= WORK ITEM =
Leave out the pictures and retype exactly the lines from the one with "Wall alcoves with candles and cards" through the end of the records.

= AVAILABLE DATA =
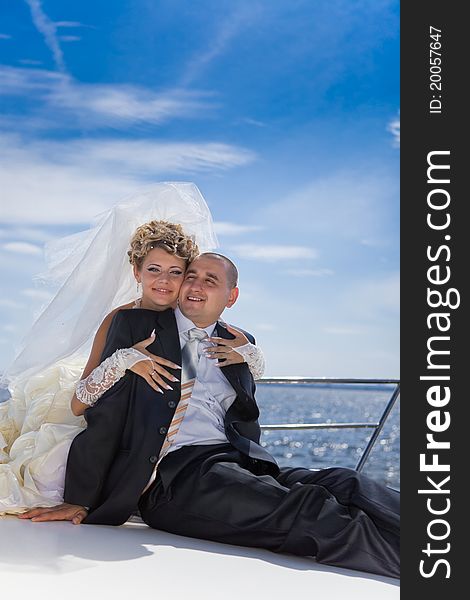 Happy bride and groom on a luxury yacht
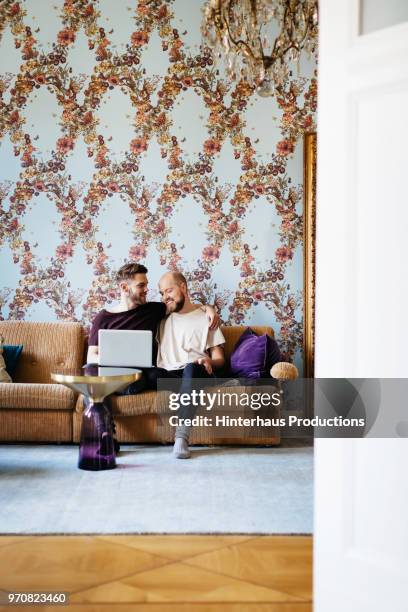 gay couple relaxing on couch together - hinterhaus stockfoto's en -beelden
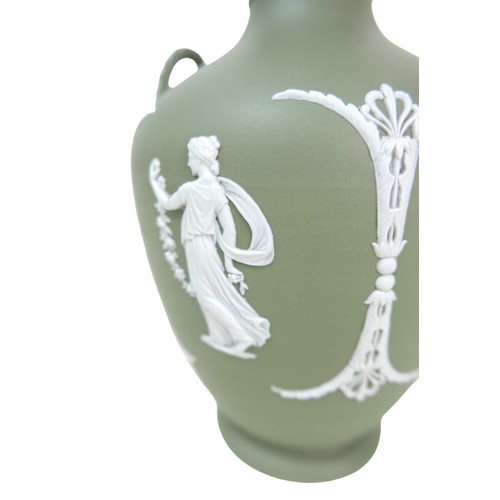 62 - A Wedgwood Jasperware dip green vase, of baluster form with twin handles, decorated with female figu... 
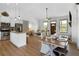 Inviting open-concept living space with island seating and a view to the fireplace and living room at 275 Crowe Springs Nw Rd, Cartersville, GA 30121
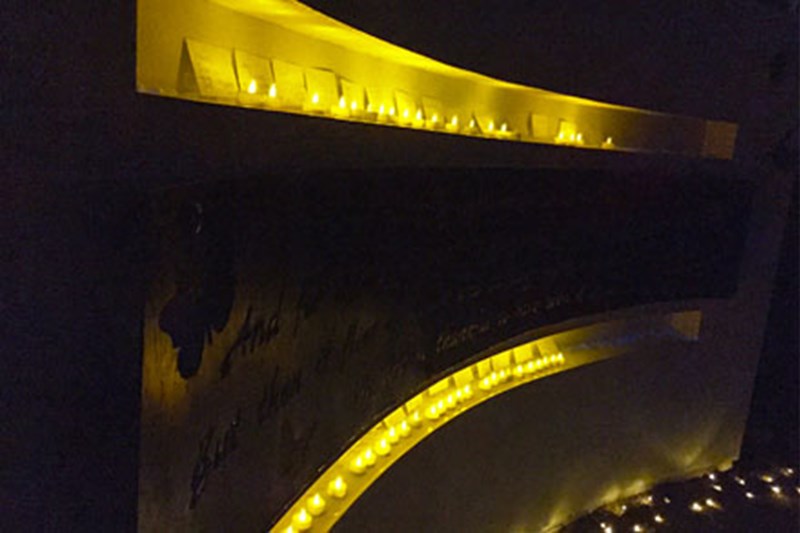 Wall alcoves with candles and cards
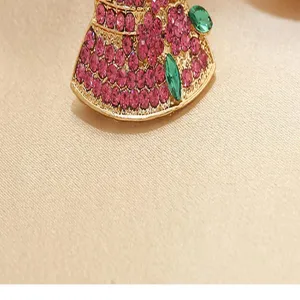 Detailed close-up view of a creative rhinestone hat brooch pin showing sparkling pink and green gems.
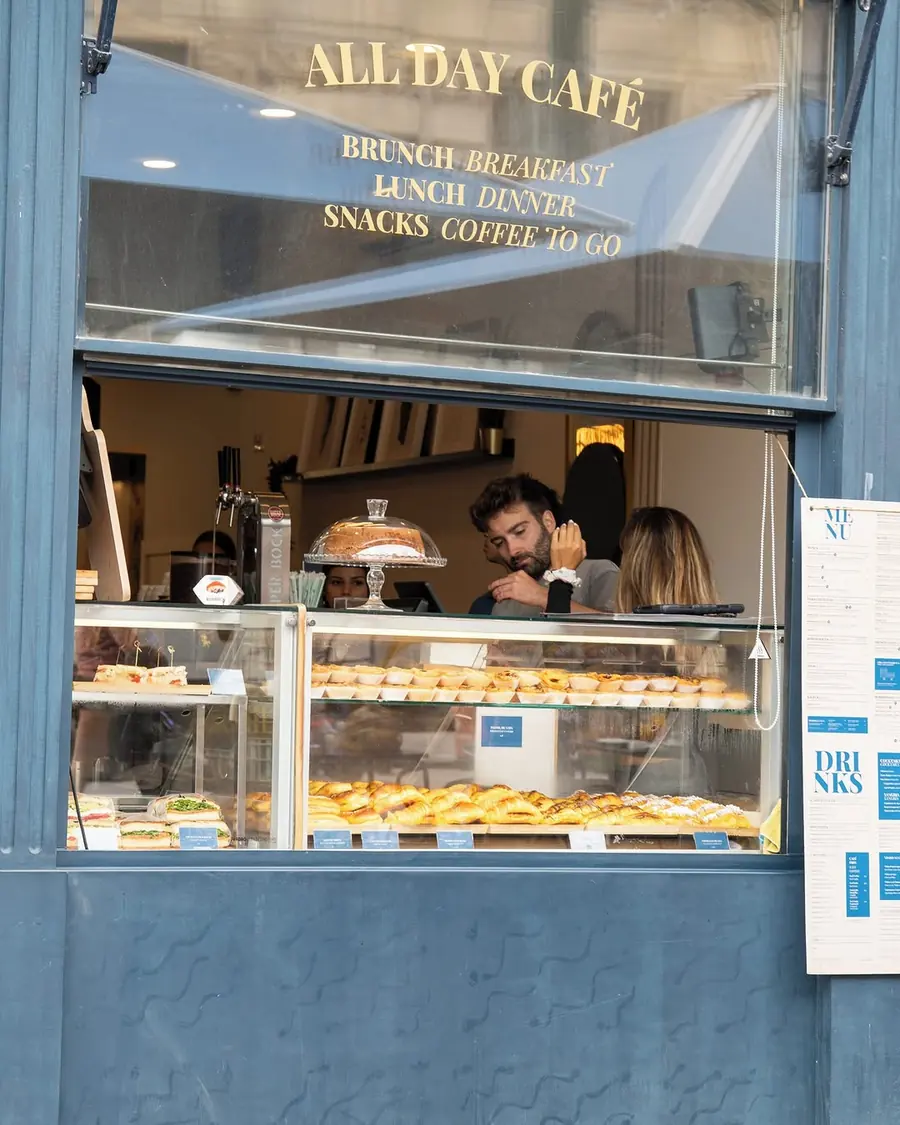 Traveller’s front window lettered All Day Café, with the pastry counter seen from the street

= WRITTEN REPLY =
 Wall alcoves with candles and cards
 Detailed close-up view of a creative rhinestone hat brooch pin showing sparkling pink and green gems.
 Traveller’s front window lettered All Day Café, with the pastry counter seen from the street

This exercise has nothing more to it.